Senator Healy Eames also reacted to the point about the high proportion of jobless households. We are starting to examine and have a better understanding of the issue. While the figure is stark, what gets less attention is that at the height of the boom - going back to 2006 and 2007 - the corresponding figure was 15%. In many ways, this is a more stark comment on a time when we talked of having close to full employment. It is a complex issue and a complex area and we need a better understanding of embedded joblessness and what it means. It is being looked at in some detail.

Deputy Durkan asked how we are ensuring that right across the system everything is being done and that we are learning the lessons of the past rather than waiting until the end and looking back, and how we are engaging in this regard with our EU partners.
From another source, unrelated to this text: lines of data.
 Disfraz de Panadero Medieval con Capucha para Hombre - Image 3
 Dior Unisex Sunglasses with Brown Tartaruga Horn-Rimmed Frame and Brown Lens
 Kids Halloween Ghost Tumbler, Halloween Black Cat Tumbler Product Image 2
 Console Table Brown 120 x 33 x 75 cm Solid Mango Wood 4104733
I would like to believe that the answer to the first part of the Deputy's question is "Yes". This initiative is being run on a cross-governmental basis across all Departments and agencies, be it through the Action Plan for Jobs process or the broader national reform programme. The message has gone out that tackling unemployment, creating jobs and the environment for their creation is the priority of everybody across all arms of government.
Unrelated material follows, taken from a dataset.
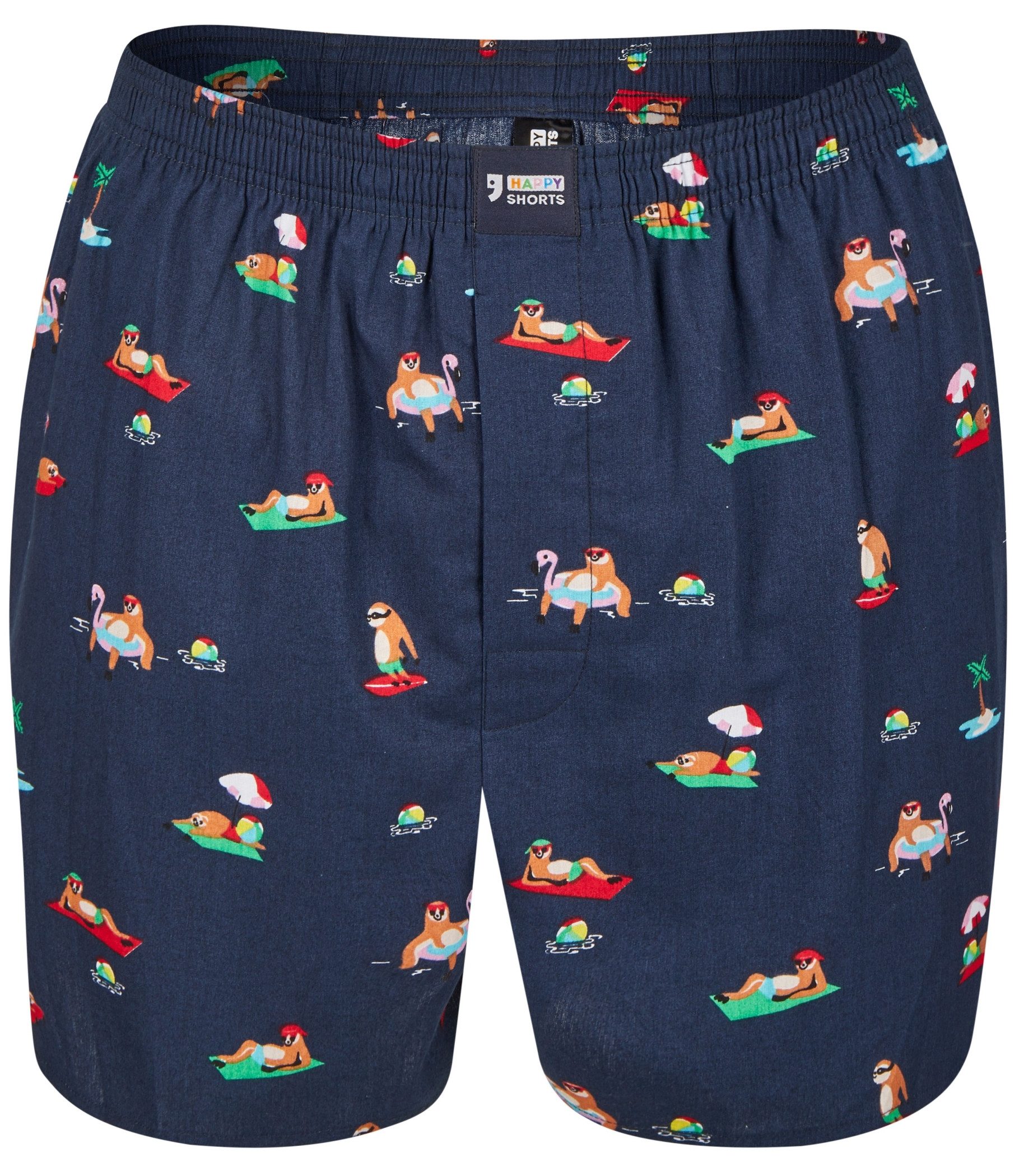HAPPY SHORTS Boxershorts Happy Shorts X Herren Boxershorts, Boxer Shorts mit Suspense Farbwahl (1-St)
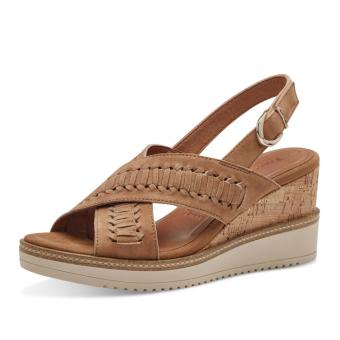 Dámské sandály TAMARIS 28213-42-310 hnědá S4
On the European issue, the answer is the precise reason we are here today, namely, the national reform programme and all of the processes built around it, including the European semester which brings together the 27 member states and the EU, in a collective sense, to monitor the performance, individually, of member states and to cross-monitor all 27 countries. There is no one-size-fits-all process. Each member state is different and their economic circumstances are different. It is question of ensuring that each country is doing what is most appropriate to its particular circumstances and conditions and, as stated by the Deputy, ensuring that nobody is stepping out of kilter with that broad effort. The Compact for Growth and Jobs agreed by the Heads of State and Government in June 2012 also provides an EU-wide blueprint for ensuring every country is doing what it should be doing in this area. The committee should be in no doubt that the job creation agenda is a cross-government initiative, which we are continually monitoring and reviewing.

On the Chairman's question in regard to the country-specific recommendations, the short answer is, "I do not know". We could probably spend a great deal of time speculating on that issue. It is in some way part of a bigger set of issues for us, including what does "beyond the bailout" mean and what does it look like. In simple terms, it means that in this particular process we will, in effect, at that point next year be producing a new national reform programme. The new programme will not be dramatically different but we will have a little more scope and be expected to produce a full document. The country-specific recommendations will to some extent derive from whatever the post-bailout phase looks and feels like because the problems with which we are currently grappling will not have gone away. Whether we are under an EU-IMF programme or operating under own steam in close consultation with our colleagues and partners, the trajectory will be similar.